■ What needs to be done:
Your answer must be the exact lines below, starting with the line with "Breakfast/Coffee Service 52 of 76" and going on through the line with "Used 2014 Volkswagen Passat 1.8T SE image 4", both included, with no pictures.

■ Records for processing:
== Segment start ==

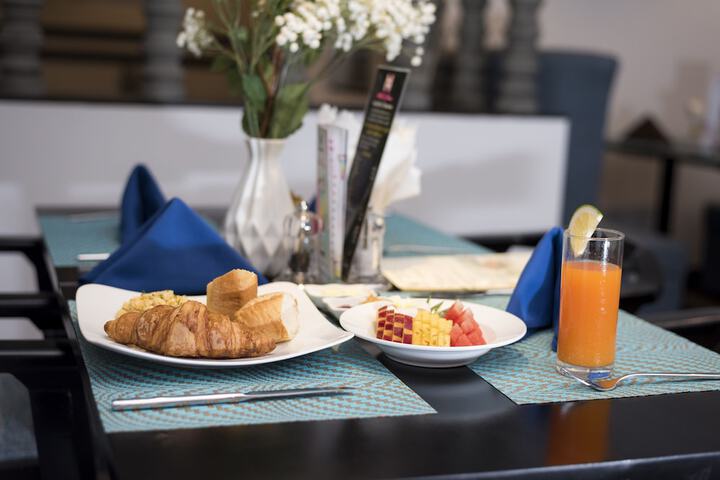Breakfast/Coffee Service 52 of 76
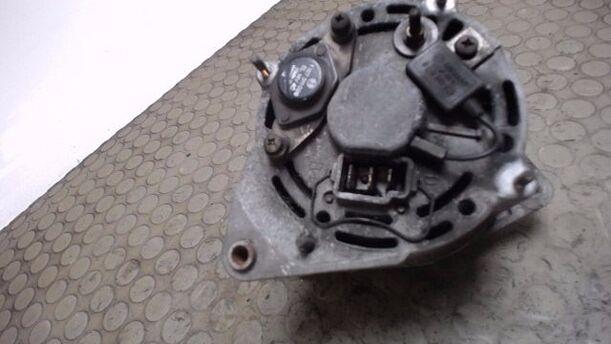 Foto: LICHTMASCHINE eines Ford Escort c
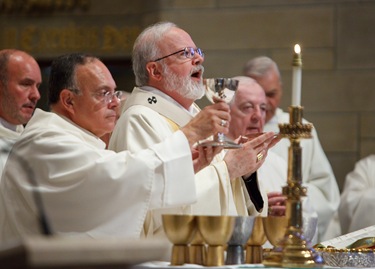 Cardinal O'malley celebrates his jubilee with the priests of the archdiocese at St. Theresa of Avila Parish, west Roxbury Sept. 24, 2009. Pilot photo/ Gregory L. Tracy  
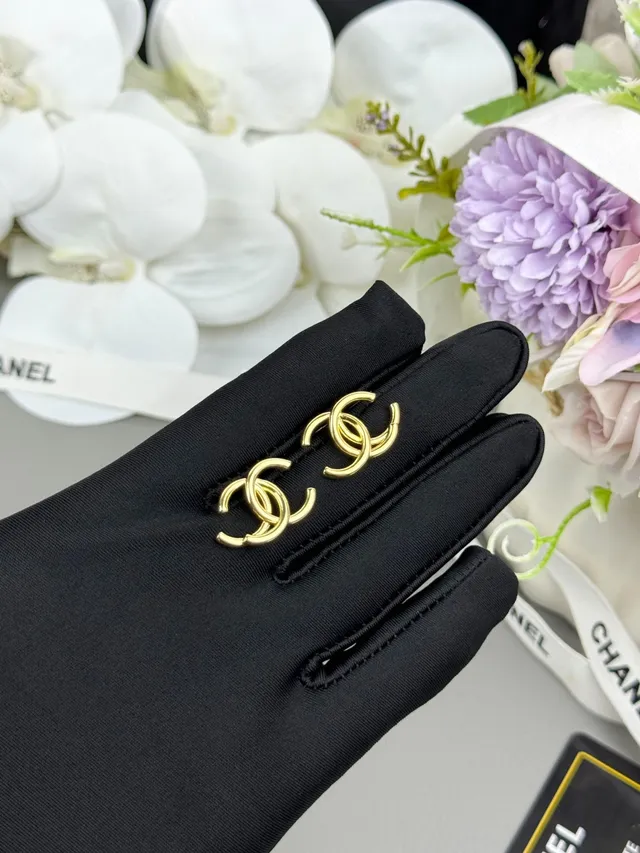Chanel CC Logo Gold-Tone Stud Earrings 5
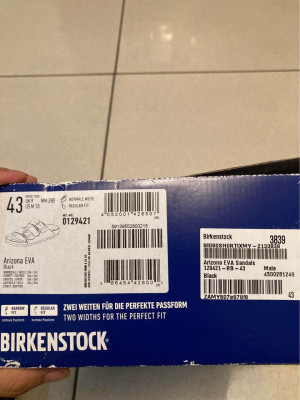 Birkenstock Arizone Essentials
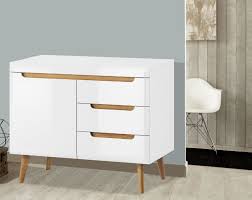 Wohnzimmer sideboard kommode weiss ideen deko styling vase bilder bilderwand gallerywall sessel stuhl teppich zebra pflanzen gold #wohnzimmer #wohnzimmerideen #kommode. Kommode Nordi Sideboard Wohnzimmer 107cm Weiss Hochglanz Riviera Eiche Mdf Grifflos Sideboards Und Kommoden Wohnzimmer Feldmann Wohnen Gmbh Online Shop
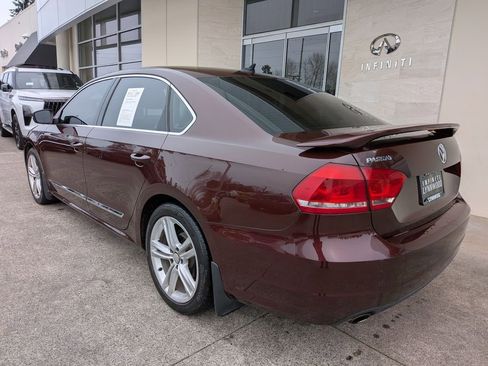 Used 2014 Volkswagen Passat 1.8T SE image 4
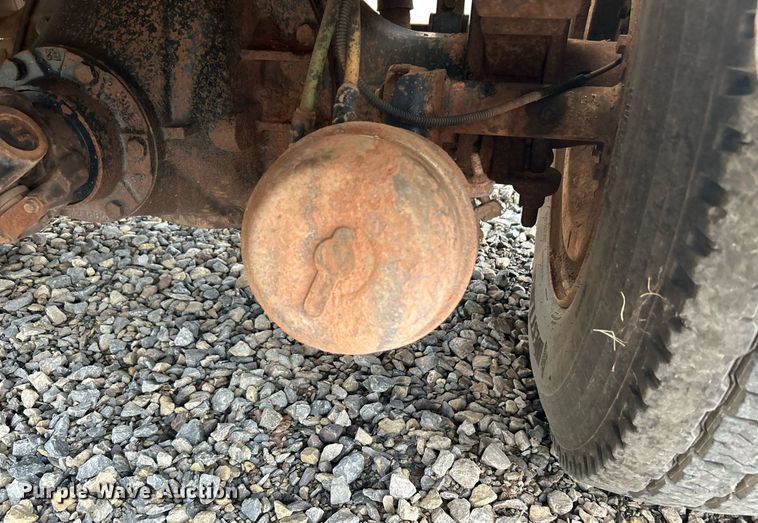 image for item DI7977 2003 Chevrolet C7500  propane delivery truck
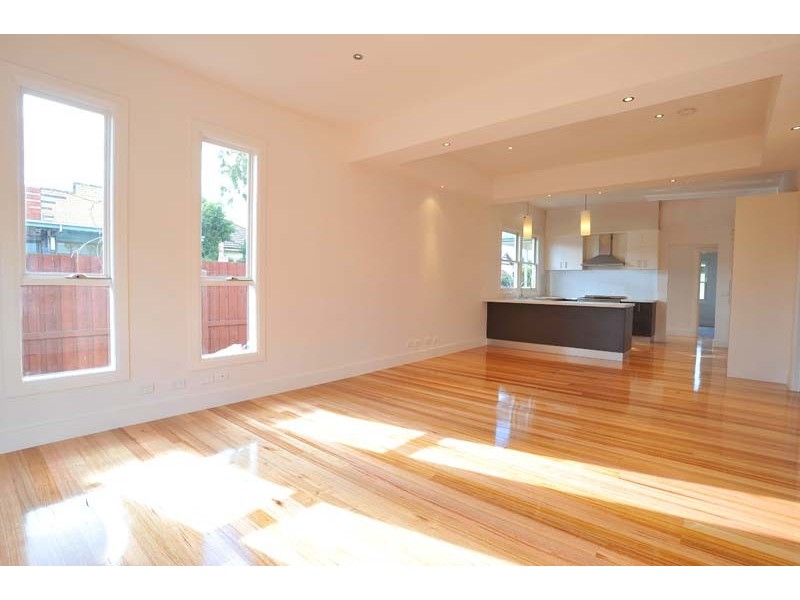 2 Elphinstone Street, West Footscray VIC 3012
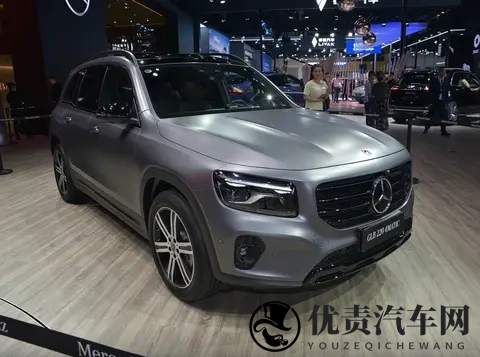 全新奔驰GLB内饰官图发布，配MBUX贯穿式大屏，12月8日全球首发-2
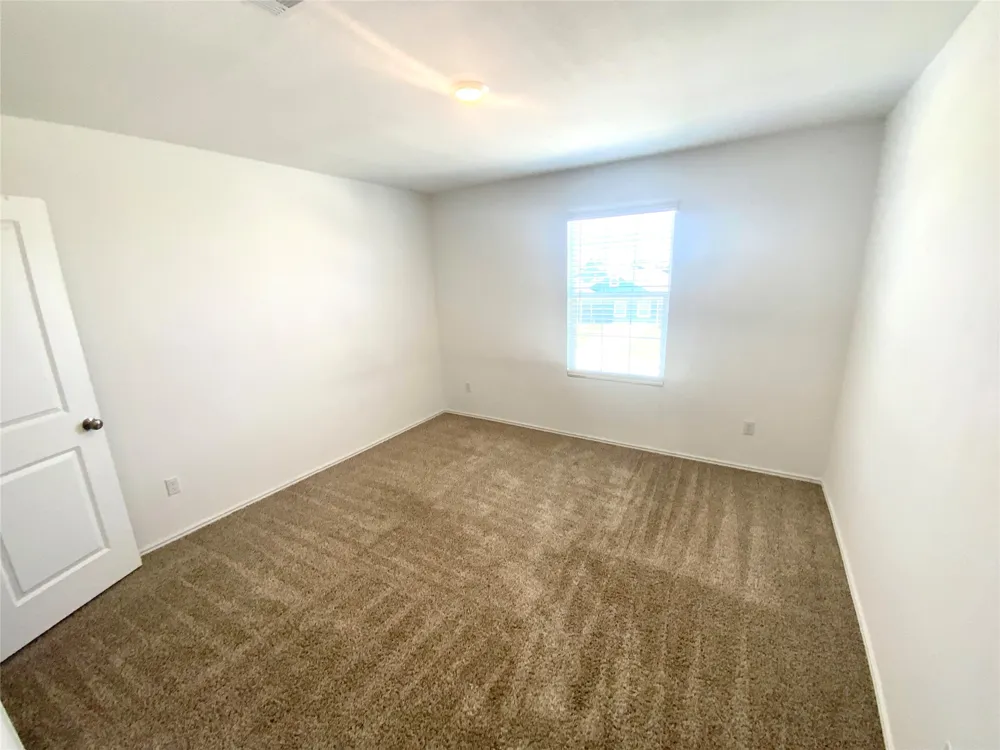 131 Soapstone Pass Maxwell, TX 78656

== Segment end ==
== Segment start ==

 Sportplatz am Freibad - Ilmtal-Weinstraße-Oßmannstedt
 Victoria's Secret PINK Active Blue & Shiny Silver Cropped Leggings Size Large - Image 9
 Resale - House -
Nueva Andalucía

== Segment end ==

■ Your solution:
Breakfast/Coffee Service 52 of 76
 Foto: LICHTMASCHINE eines Ford Escort c
 Cardinal O'malley celebrates his jubilee with the priests of the archdiocese at St. Theresa of Avila Parish, west Roxbury Sept. 24, 2009. Pilot photo/ Gregory L. Tracy  
Chanel CC Logo Gold-Tone Stud Earrings 5
 Birkenstock Arizone Essentials
 Wohnzimmer sideboard kommode weiss ideen deko styling vase bilder bilderwand gallerywall sessel stuhl teppich zebra pflanzen gold #wohnzimmer #wohnzimmerideen #kommode. Kommode Nordi Sideboard Wohnzimmer 107cm Weiss Hochglanz Riviera Eiche Mdf Grifflos Sideboards Und Kommoden Wohnzimmer Feldmann Wohnen Gmbh Online Shop
 Used 2014 Volkswagen Passat 1.8T SE image 4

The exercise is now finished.